◆ **TASK DESCRIPTION**
Print each entry again exactly as written, and keep the pictures out.

Collected data entries
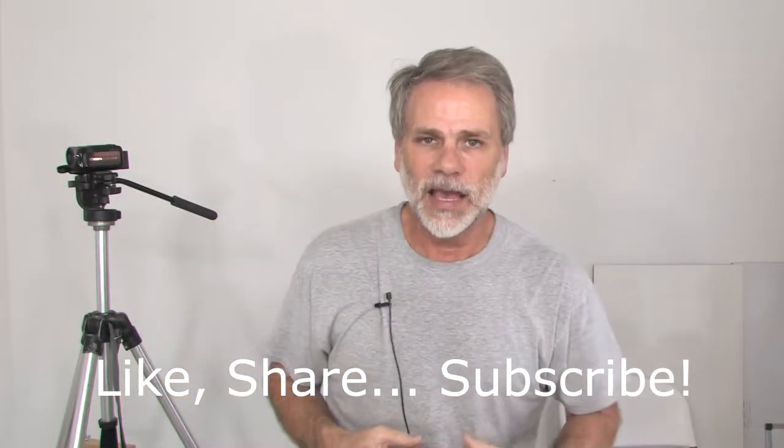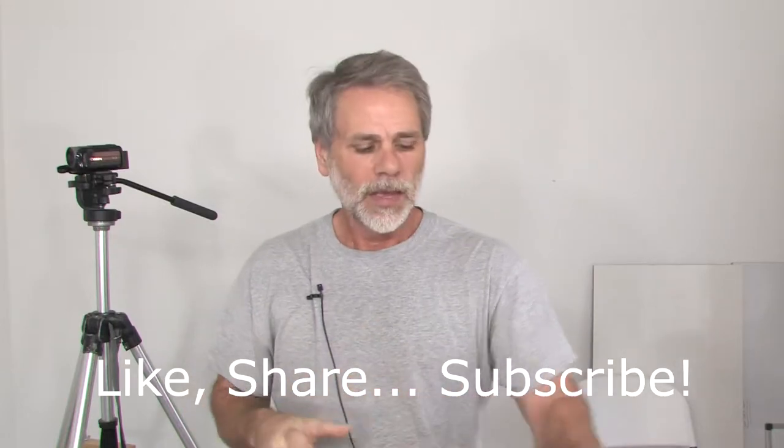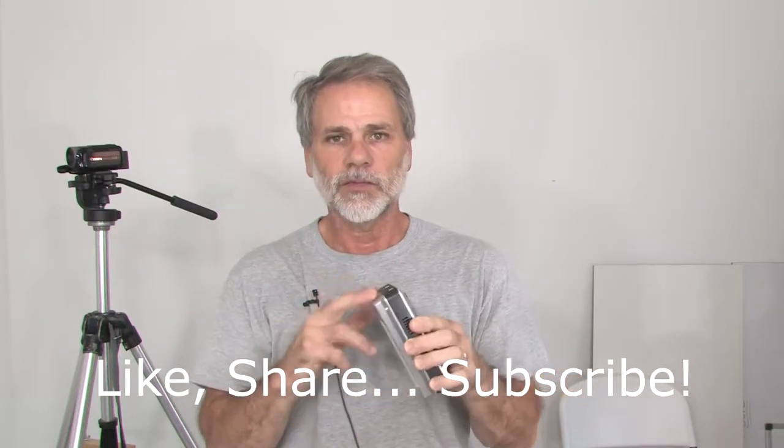Hi, Ray Hayden here, and this video is about experimentation with my Canon XHA1 camera and using a portable deck to record on that, which used Firewire.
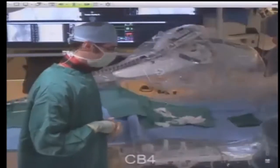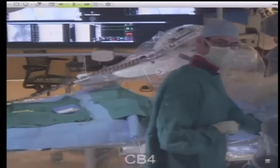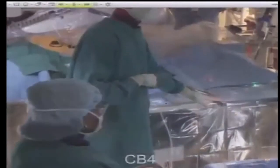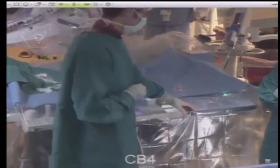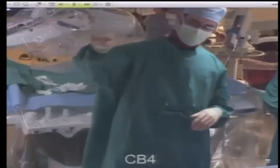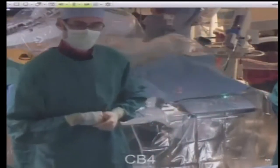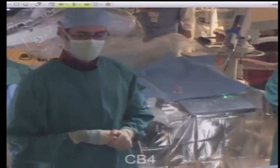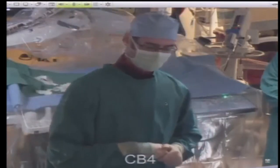There are two ways of guiding the system. This is a bedside pendant, and everything that you can do here you can also do at the console where we're going to be guiding the catheter from — which is remote to the patient, and allows us to be out of the X-ray field, giving us a little bit of protection from all the radiation we get every day.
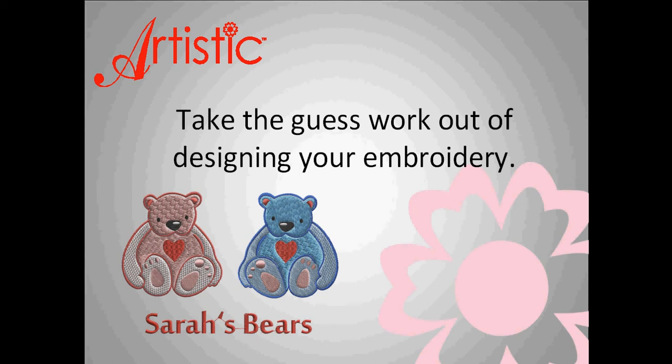Artistic Suite version 6 takes the guesswork out of designing your own embroidery. Follow the simple steps in the Artistic Suite and create an embroidery you want to show off to all of your friends.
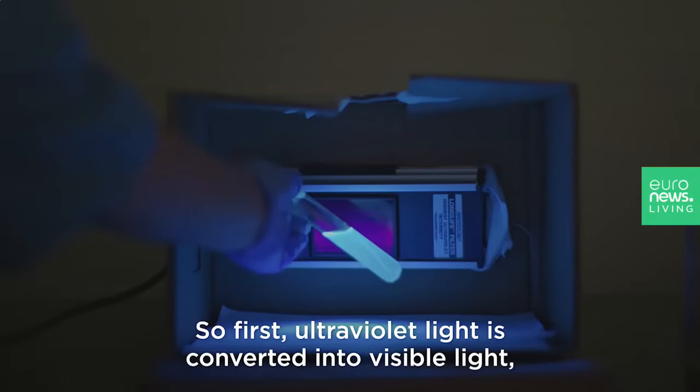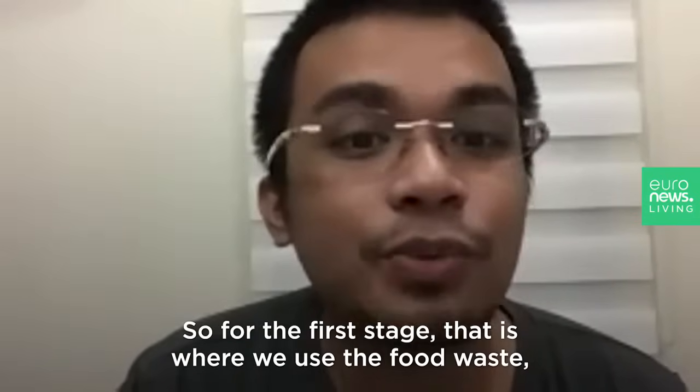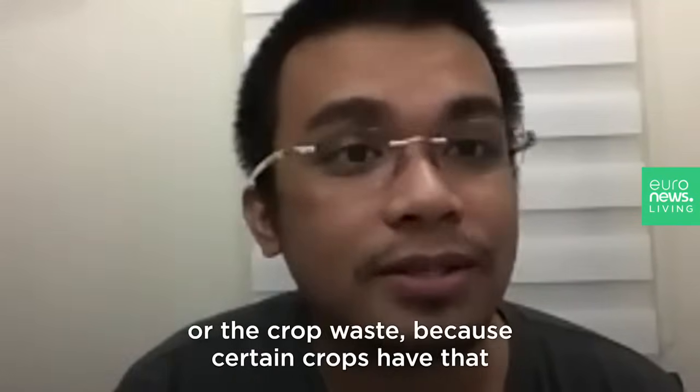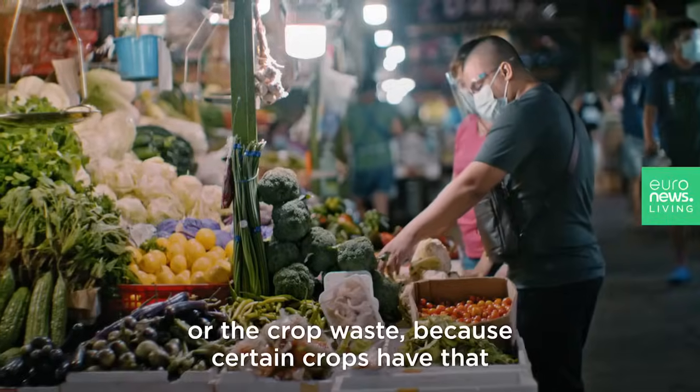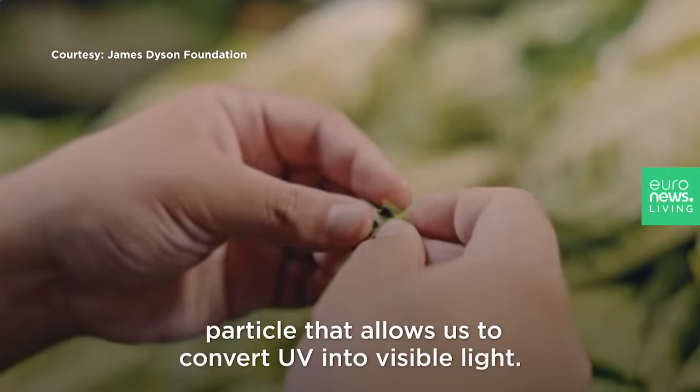There are two stages. First, ultraviolet light is converted into visible light, then visible light is converted to electricity. For the first stage, that is where we use the food waste or the crop wastes, because certain crops have that particle that allows us to convert UV into visible light.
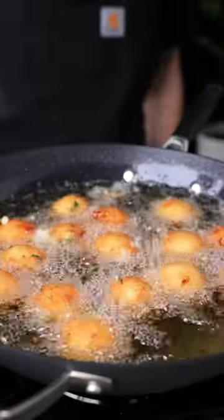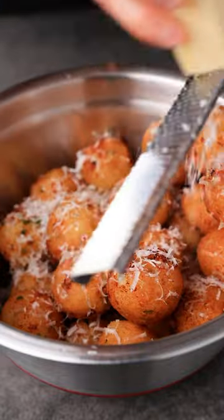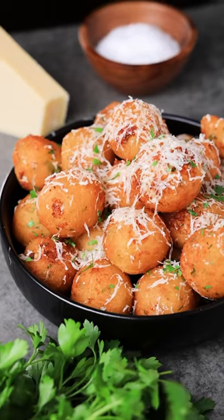I'm gonna fry these at 375 for just a few minutes until they get golden brown and crispy. Topped with parmesan cheese, garlic, and fresh parsley. Garlic parm cheesy potatoes. Cheers!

◆ **COMPLETED EXERCISE**
Hi, Ray Hayden here, and this video is about experimentation with my Canon XHA1 camera and using a portable deck to record on that, which used Firewire.
There are two ways of guiding the system. This is a bedside pendant, and everything that you can do here you can also do at the console where we're going to be guiding the catheter from — which is remote to the patient, and allows us to be out of the X-ray field, giving us a little bit of protection from all the radiation we get every day.
Artistic Suite version 6 takes the guesswork out of designing your own embroidery. Follow the simple steps in the Artistic Suite and create an embroidery you want to show off to all of your friends.
There are two stages. First, ultraviolet light is converted into visible light, then visible light is converted to electricity. For the first stage, that is where we use the food waste or the crop wastes, because certain crops have that particle that allows us to convert UV into visible light.
I'm gonna fry these at 375 for just a few minutes until they get golden brown and crispy. Topped with parmesan cheese, garlic, and fresh parsley. Garlic parm cheesy potatoes. Cheers!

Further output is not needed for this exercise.